We have a 'remote camera viewing' application for which we need to hire a really good code immediately. Our product is launching later this month because two months ago we signed a contract with a camera manufacturer who was supposed to provide both the hardware and the software. But now that we are close to launch, we learned that the software does not work anything like their demo, and we need to write our own server. We have a couple C/C++ coders, but they are swamped with other projects, and do not have experience in this area anyway. In a nutshell here's what happens:
1. The customer plugs in his camera, it gets an IP address, and opens a port to our central camera management server (CMS) and sends it's internal IP and mac address. The camera keeps connection alive so the CMS can send back commands over the same port. The CMS logs this information.
2. The camera, all on its own, attempts to do a port forward using UPnP. The CMS tests if the port forward has worked, and whether any client viewers will be able to view the video directly from the camera, using only the routable IP, or if the CMS has to act as a relay.
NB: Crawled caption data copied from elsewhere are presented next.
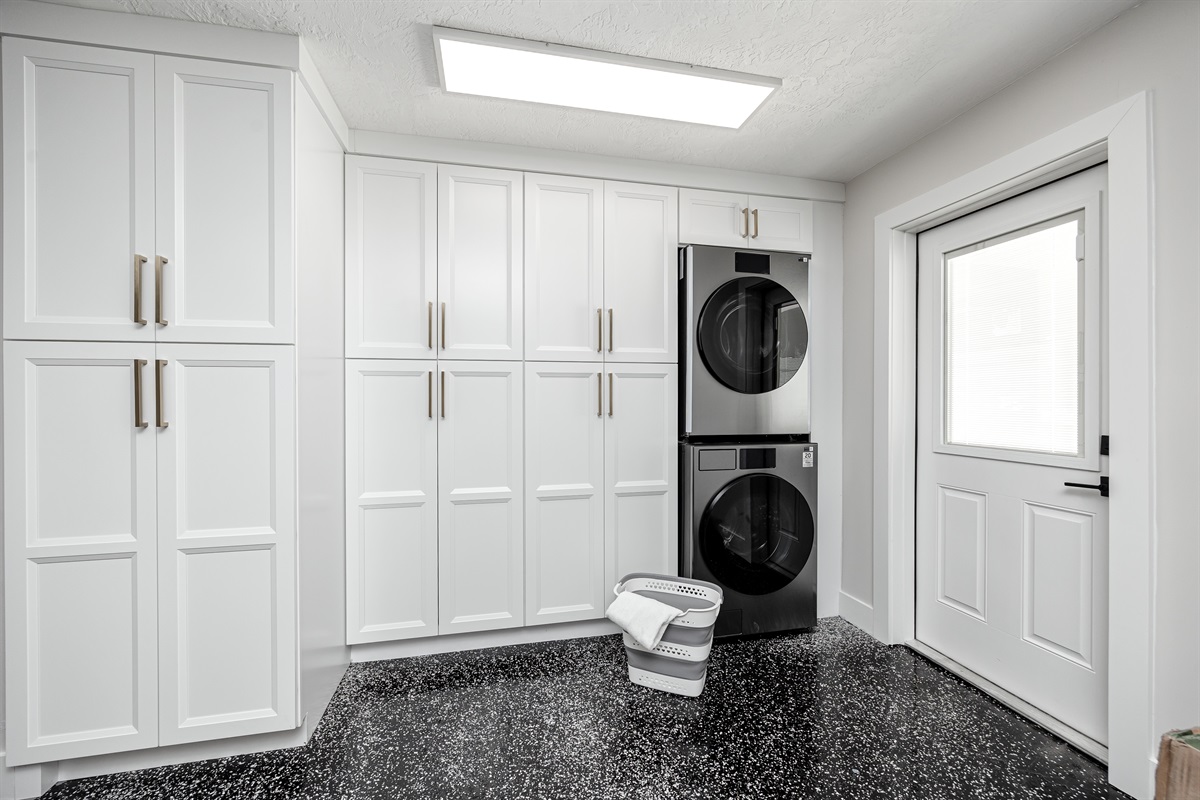 Washer & Dryer 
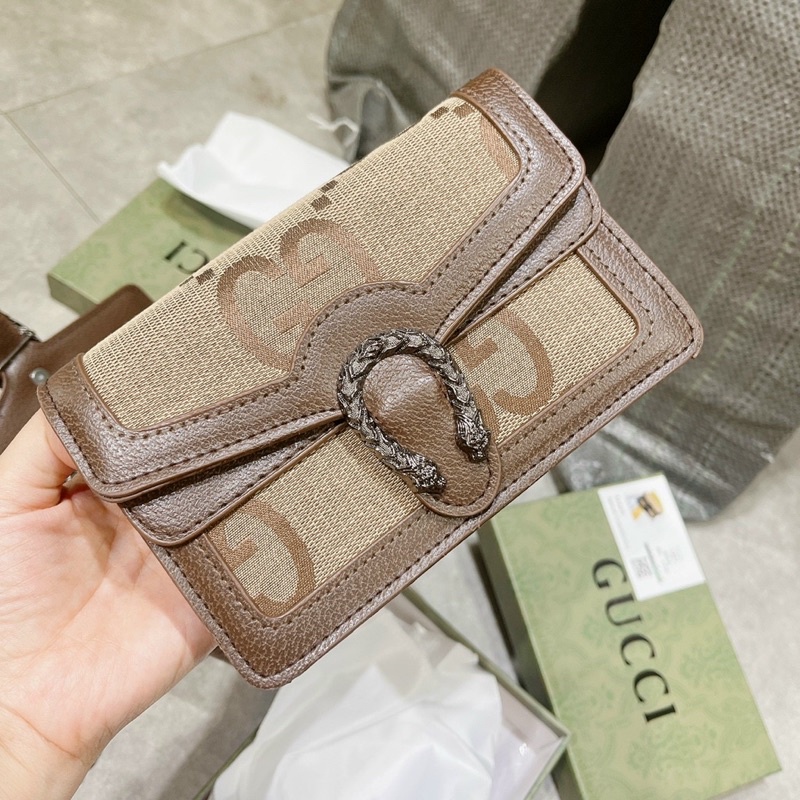 Túi chư GGG đeo chéo size 18cm full hộp cực xinh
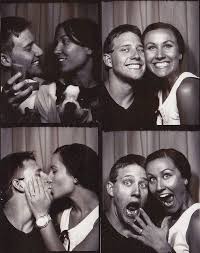 His proposal is the best of both worlds: Photobooth Proposal Photo Booth Proposal Marriage Proposals Photobooth Pictures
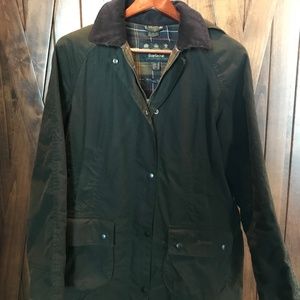 Barbour Classic Beadnell Waxed Jacket with detachable hood Size 10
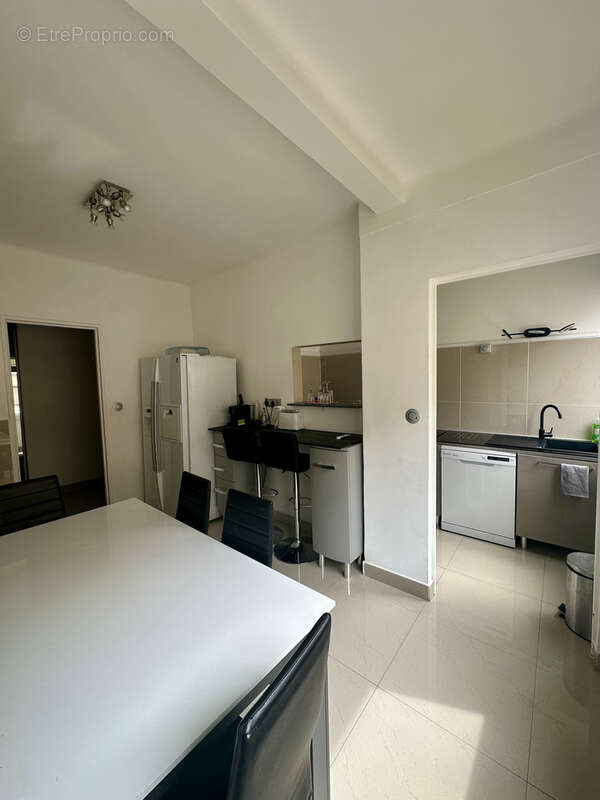 Appartement à MARSEILLE-2E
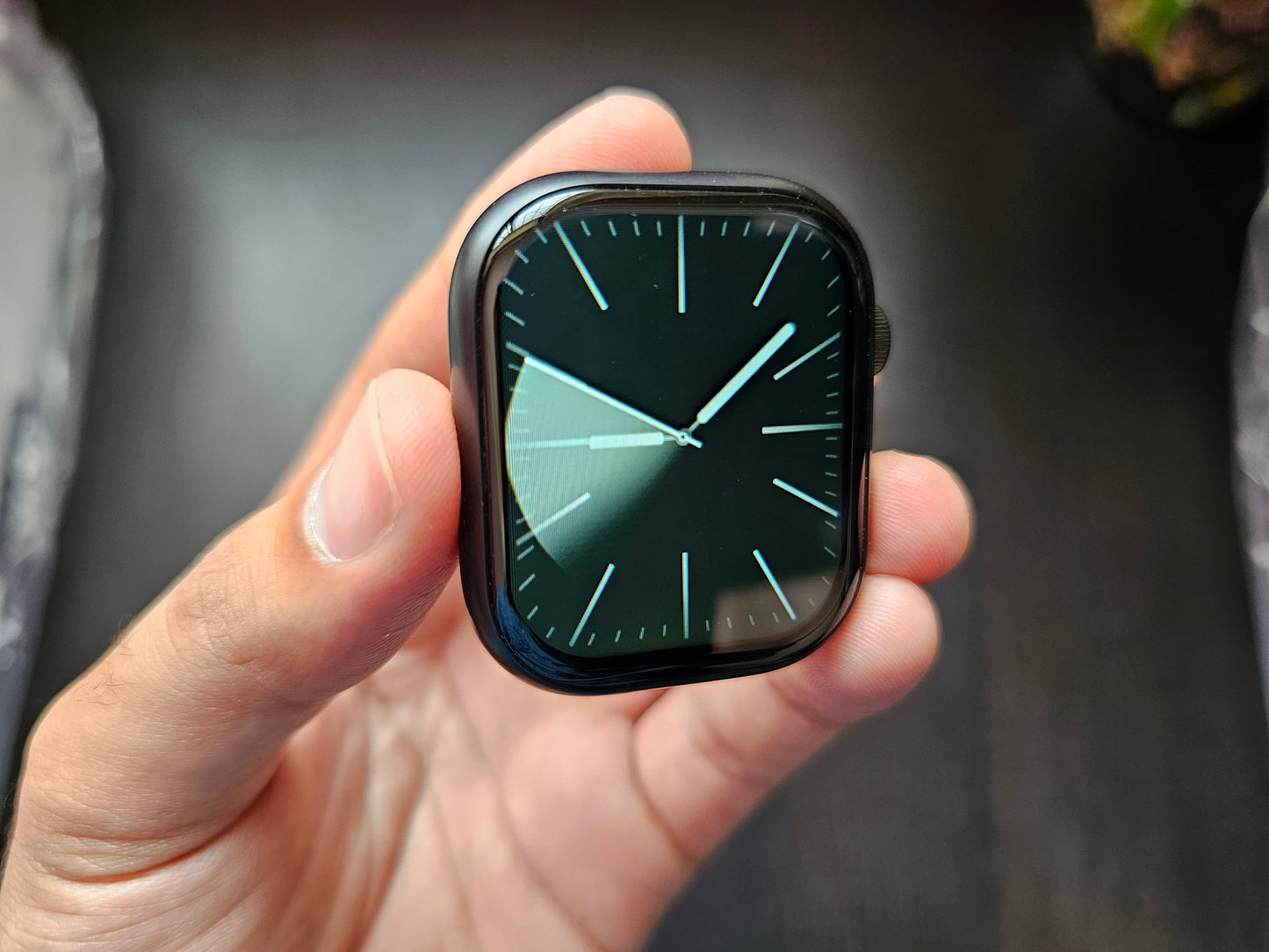 Series 9 with metal body, 3D curved display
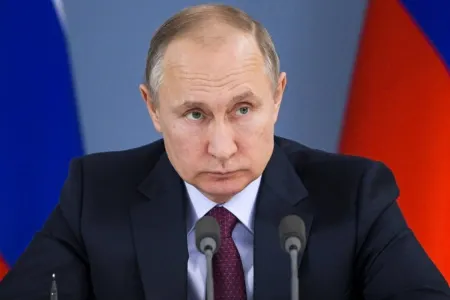 Putin İran prezidenti ilə görüşdü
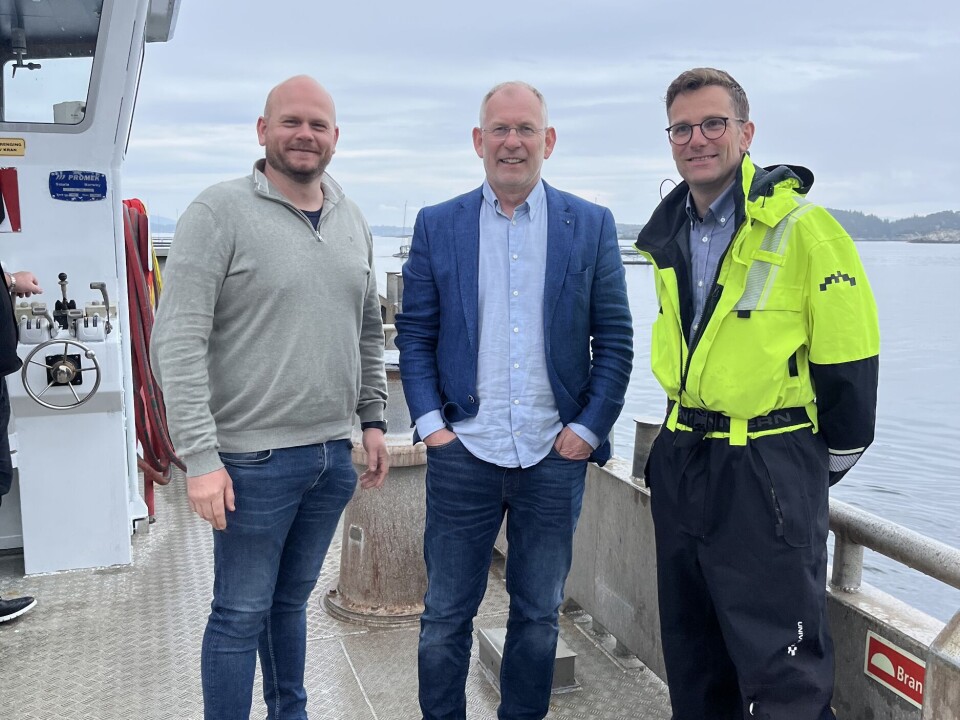 Daglig leder i Engesund, Svein Eivind Gilje (til høyre), sammen med de to nye eierne i Engesund, nemlig Telavåg Fiskeoppdrett og Troland Lakseoppdrett.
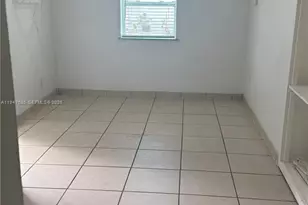 921 N 17th Ct, Hollywood, FL 33020 - Photo 10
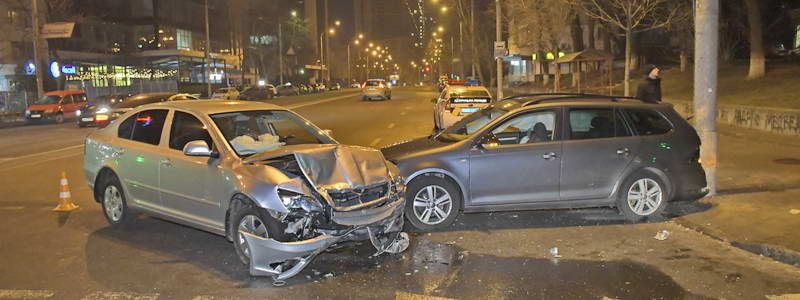 В Киеве Skoda протаранила в бок Volkswagen и впечатала его в столб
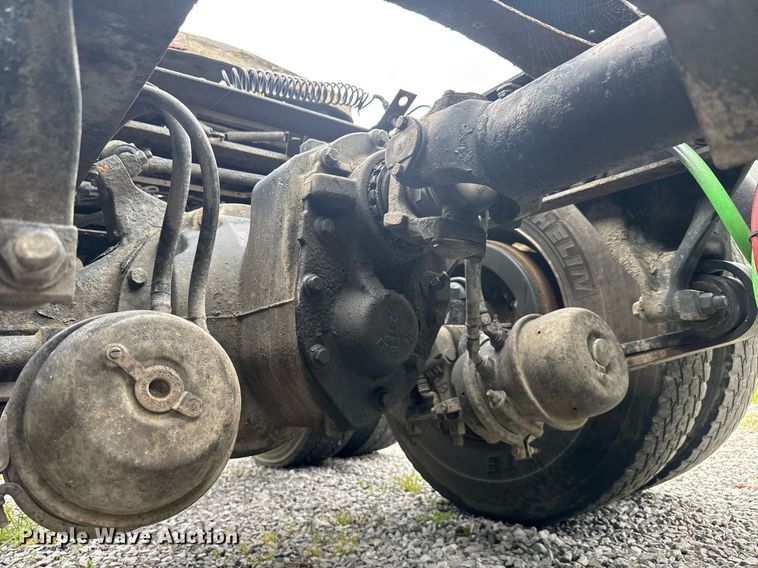 image for item EC3552 2016 Freightliner Cascadia semi truck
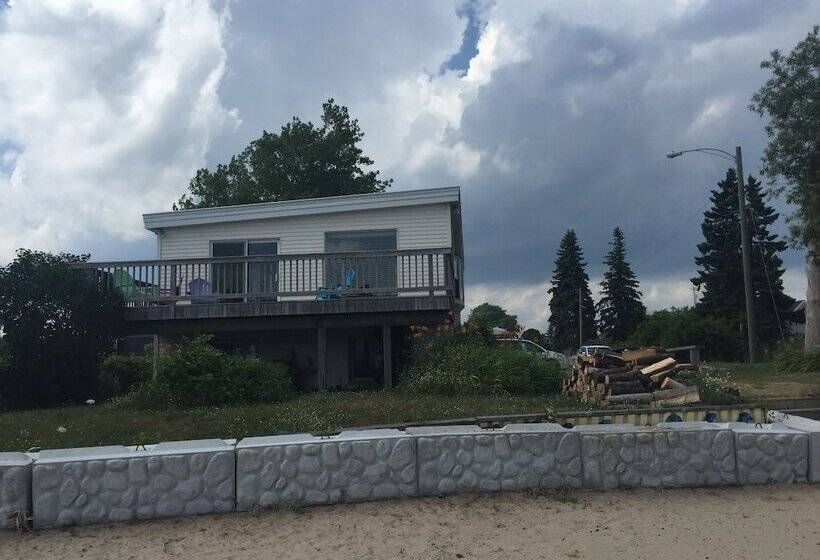 Waters Edge Motel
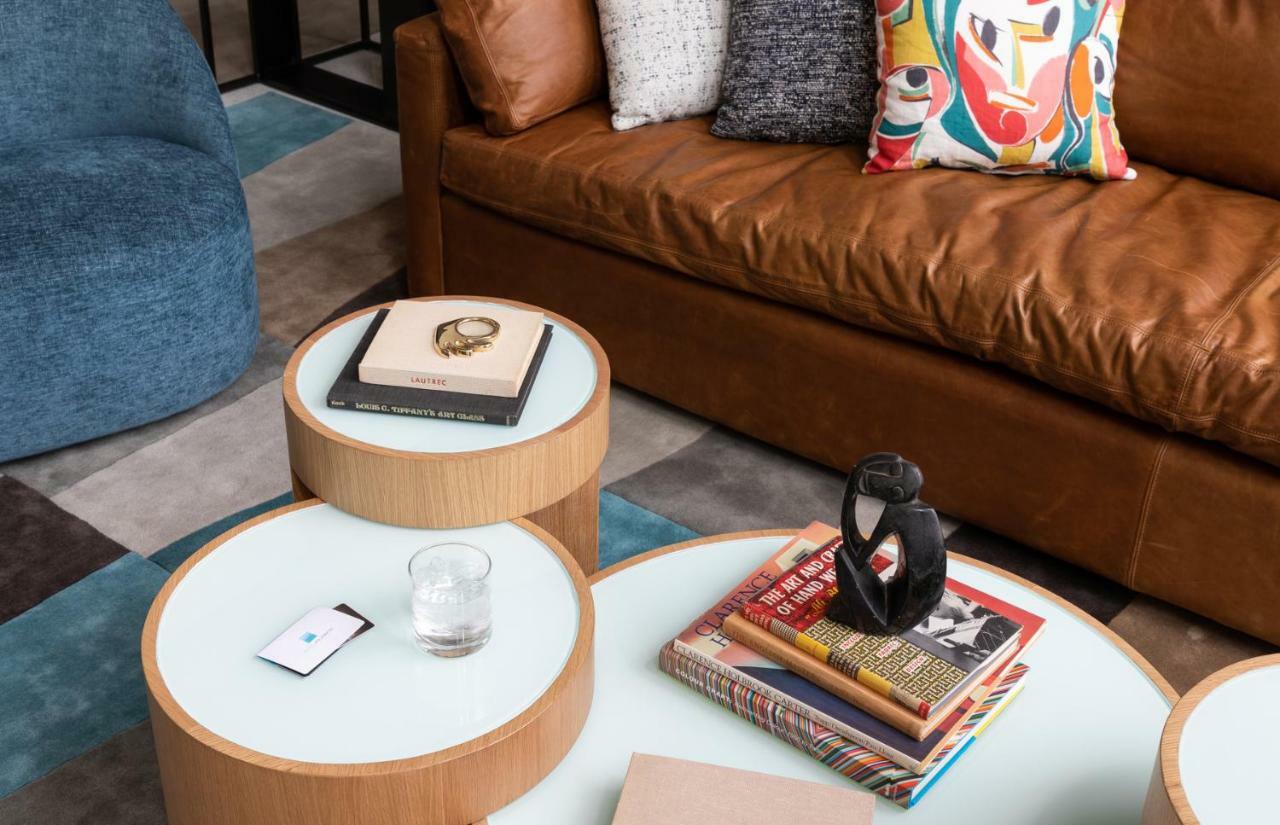 穆拉诺酒店 塔科马 外观 照片 A coffee table with a stack of books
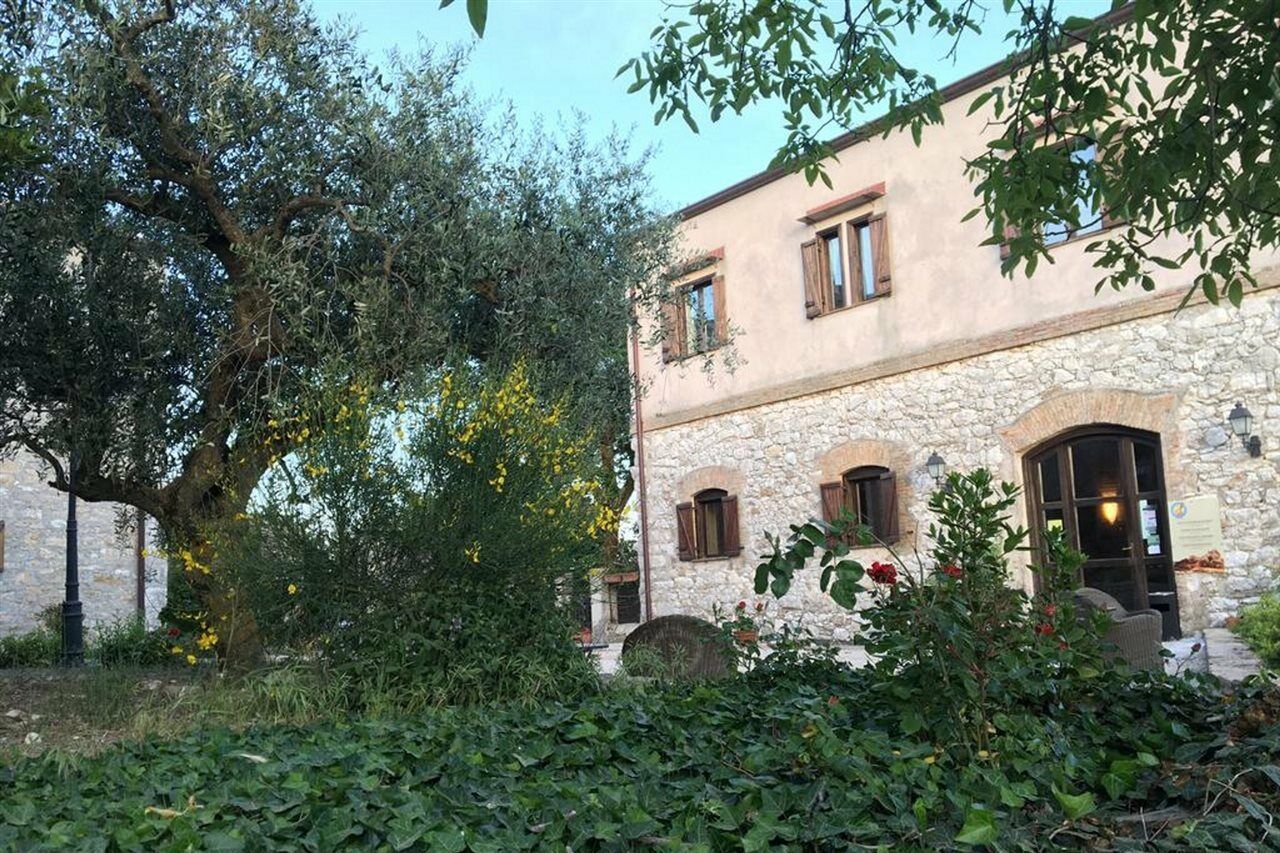 Agriturismo Sant'Agata Piana Degli Albanesi Exteriör bild
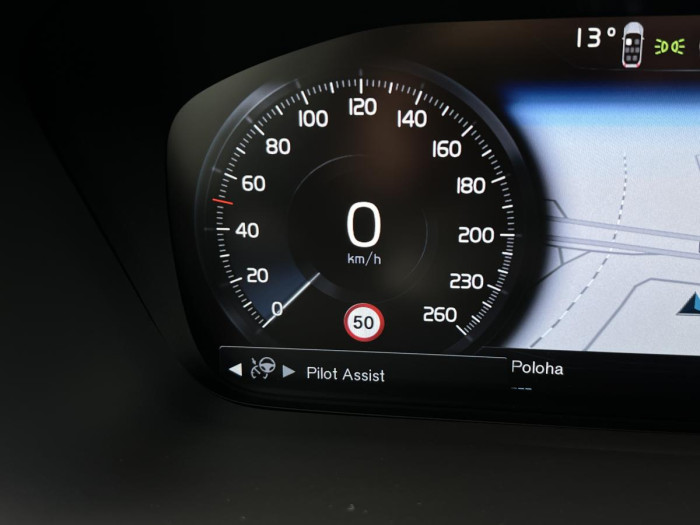 Volvo XC90 B5 AWD R-DESIGN 7 MÍSTNÁ Aut
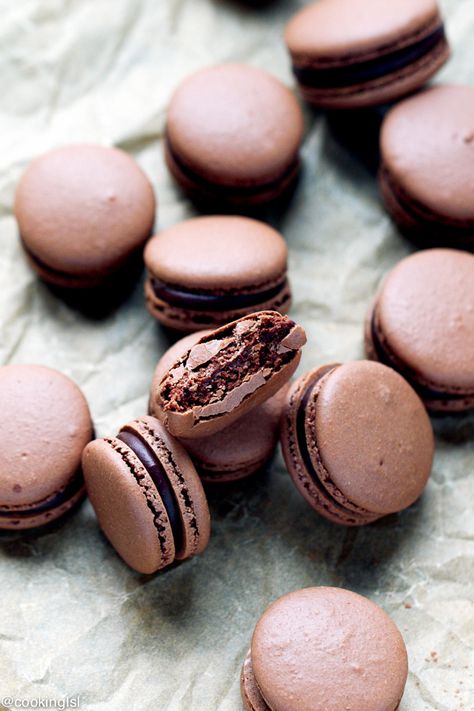 Peppermint Ganache, French Macaroon Recipes, Chocolate Macarons, Chocolate Ganache Recipe, Chocolate Macaroons, Macaroon Cookies, Chocolate Macaron, Macaron Flavors, Macaron Cookies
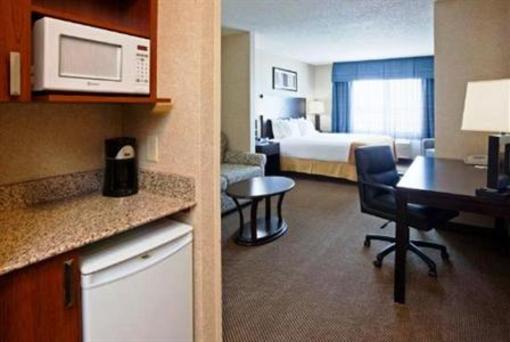 фото отеля Holiday Inn Express Hotel & Suites Grand Forks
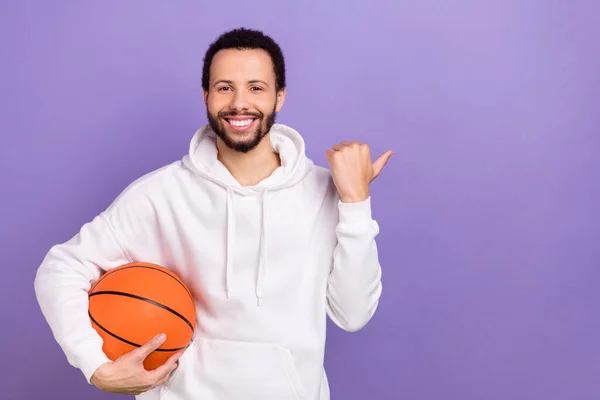 照片上的帅哥手握篮球 无名指空空荡荡的空格广告隔离在紫罗兰的背景下 — 图库照片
3. Optionally users may have an Adobe Flash client running on a thin client within their home. This flash client also makes a connection to the same CMS, using a different port, and the CMS keeps track of all the clients the same way it does the cameras. The socket connection allows the flash client to send very basic messages to the server, and vice versa. The protocol is really simple; there will be about 4 plain text messages. The amount of traffic will be minimal.
This system can be used two ways: as a video chat (video only, no sound) between two Adobe flash clients, or, the user can remotely view the cameras and is home with his mobile phone (android/iPhone) or with the web browser.
1. For video chat, both users will have a camera and a flash client that are associated together; our existing code provides this information. User a enters the serial number of user B's camera, which causes a CHAT_REQUEST to be sent to the CMS server, which forwards it to user B's flash client. User B's flash client pops up a message, and if the user accepts, sends an ACCEPT to the CMS, and the CMS sends a VIEW_VIDEO http://[whatever] to both flash clients, where the URL points the flash client to the streaming video from the other user.
2. For remote camera viewing, the user logs into a web site which we created with his browser or mobile phone, and our web services get the URL from the CMS, and embed it an iframe.
The only part we need is the CMS server. The Flash client, web site, etc., are done in house already. We can modify the protocol we use easily to suit whenever is the best and most efficient way the CMS will implement this.
This CMS server does not do any transcoding or video processing. The video from the camera is obtained by a URL on the camera, like [url removed, login to view] or, you send the camera a message to have it pushed the stream to a given IP/port.
We do NOT want to have the video relay to cross our server unless absolutely necessary. So if there are techniques for hole punching/NAT transversal, etc., to allow p2p, we would like to implement them. However, that can be done as a phase two. Right now, at launch, the volume of users will be minimal, so we can provide the server bandwidth initially.
The logging and authentication occur in a my SQL table. If you do not know mysql, that is not a problem. We can provide that code. You would just call a function stub like AuthUser(char *Username,char *Password) and we can provide the implementation.
Unfortunately, we're under very tight deadline so we're looking for a Coder who can start right away, as someone who can do it evenings and weekends. Also, if it is easier to use existing GPL code, that is no problem, we can release our app under GPL as well.